● PROBLEM REQUIREMENTS
Copy exactly and only the lines running from the one that contains "Nike Women’s Air Max 1 JCRD" to the final line of the data below, without the pictures.

● INFORMATION SHOWN
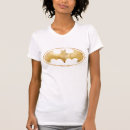 Recherche de tache de café tshirts Batman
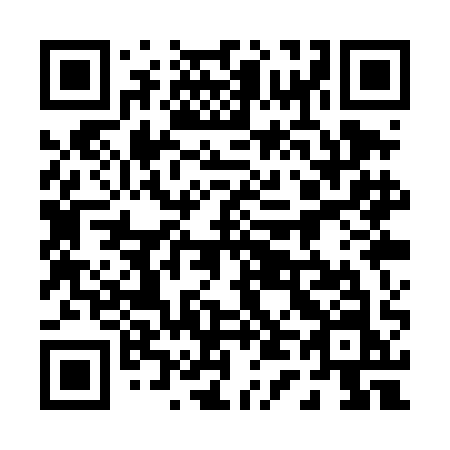 QR code for 041 TAN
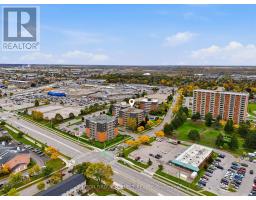 408 - 1102 Jalna Boulevard, London South, ON N6E1X8 Photo 29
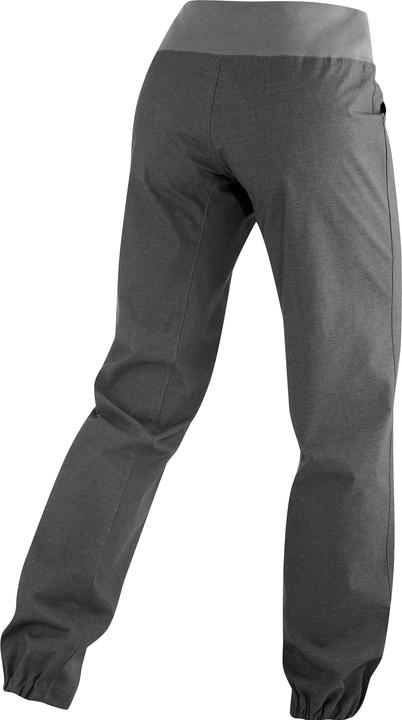 Immagine prodotto Edelrid Wo Sansara Pants (M)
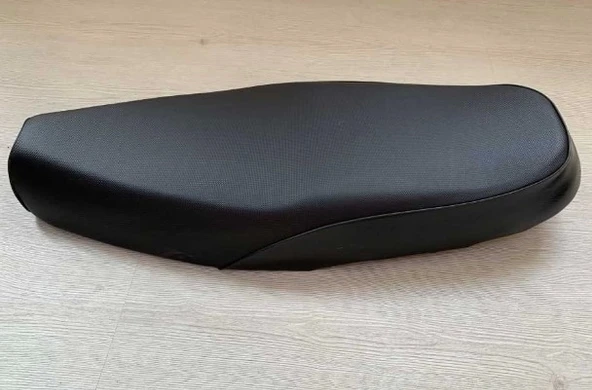 SELE KOMPLE SFC ürün görseli 1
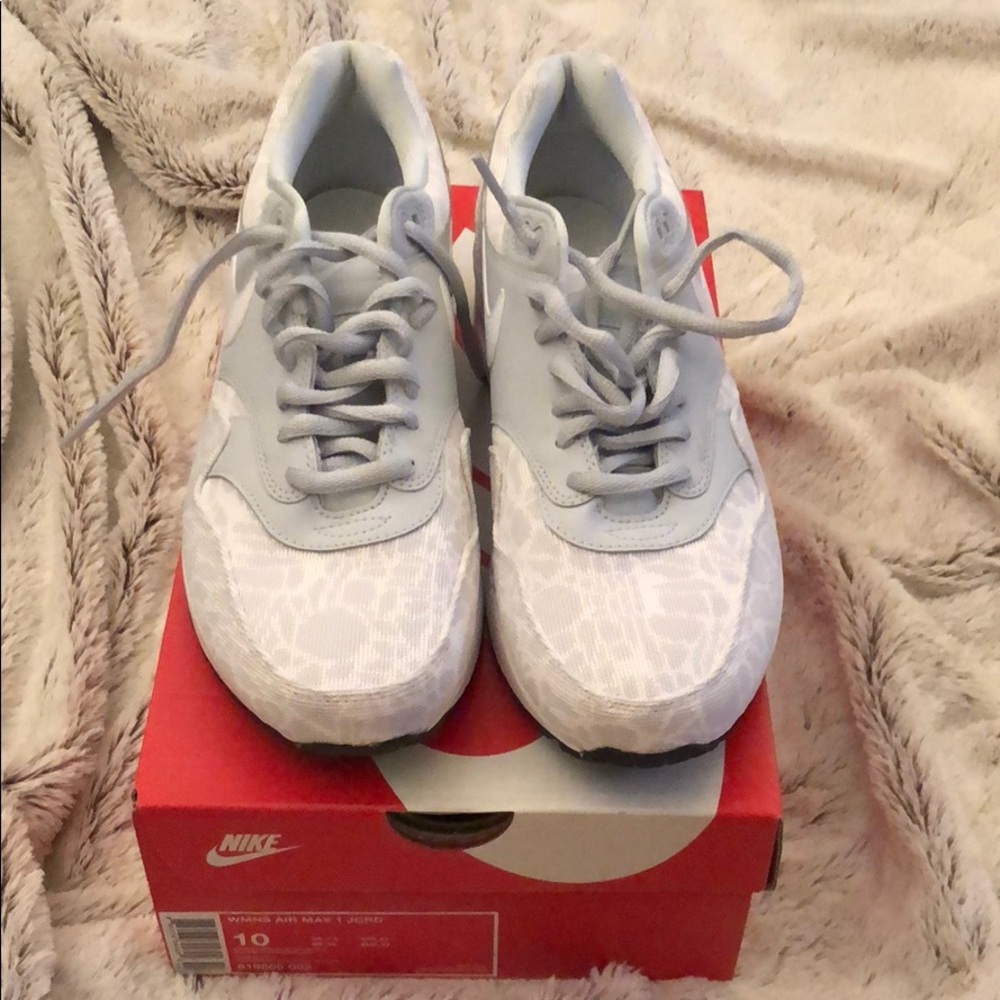 Nike Women’s Air Max 1 JCRD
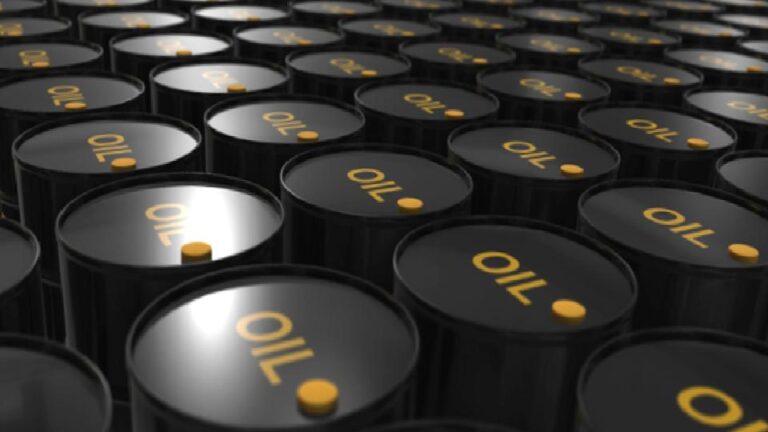 ABD’den İran petrolünün Çin’e satışındaki rolü nedeniyle 12 kişi ve kuruluşa yaptırım
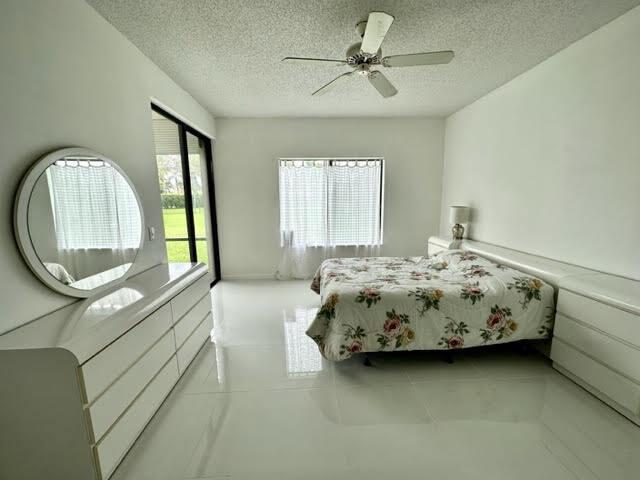 7701 Lexington Club Boulevard A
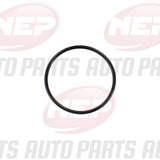 Water Pump WATER PUMP GASKET SUBARU WPG-9421 - NEP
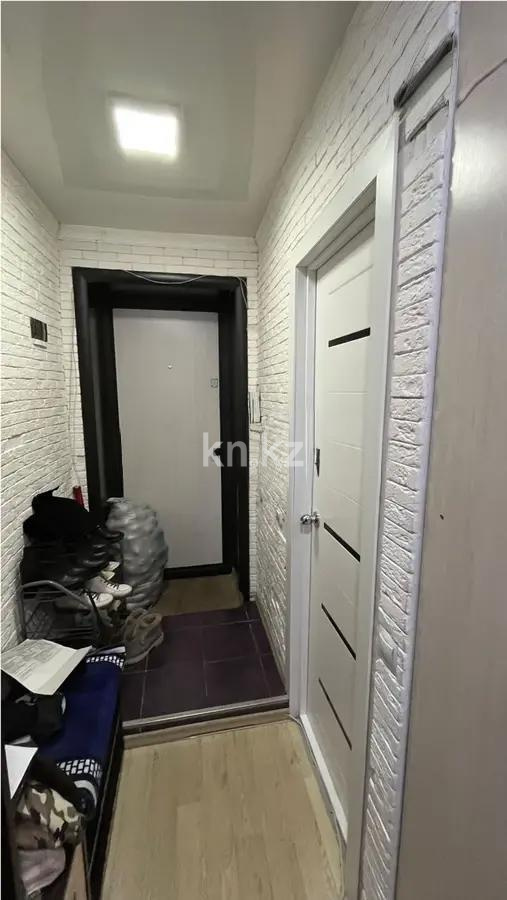 Продажа 3-комнатной квартиры, 52 м² - Продажа квартир в Городе Караганды - страница 2 фото 6 из 6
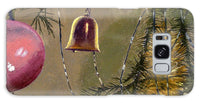 It's a Wonderful Life Bevin Bell Factory East Hampton Connecticut - Phone Case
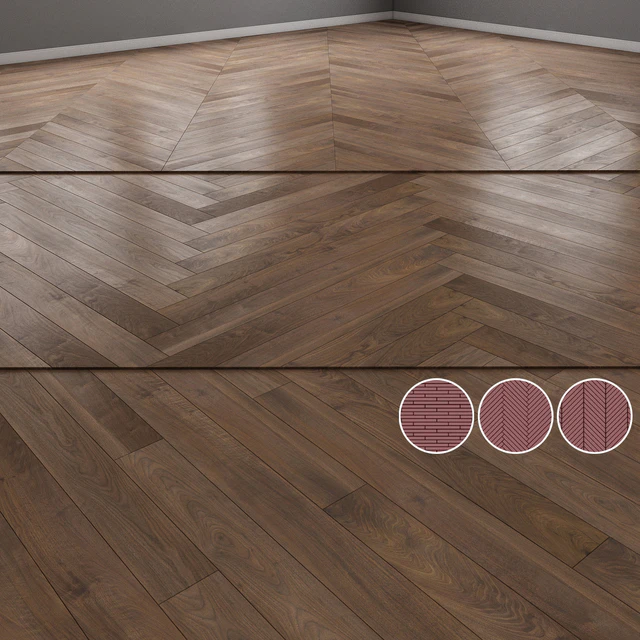 Floor 220 — Descargar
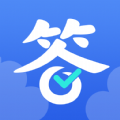 答题全明星 免费版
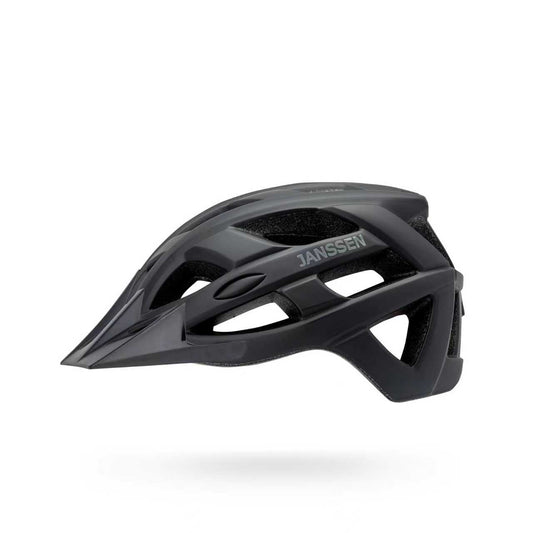Essentials Sports Leisure Cycle Helmet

● EXPECTED ANSWER
 Nike Women’s Air Max 1 JCRD
 ABD’den İran petrolünün Çin’e satışındaki rolü nedeniyle 12 kişi ve kuruluşa yaptırım
 7701 Lexington Club Boulevard A
 Water Pump WATER PUMP GASKET SUBARU WPG-9421 - NEP
 Продажа 3-комнатной квартиры, 52 м² - Продажа квартир в Городе Караганды - страница 2 фото 6 из 6
 It's a Wonderful Life Bevin Bell Factory East Hampton Connecticut - Phone Case
 Floor 220 — Descargar
 答题全明星 免费版
Essentials Sports Leisure Cycle Helmet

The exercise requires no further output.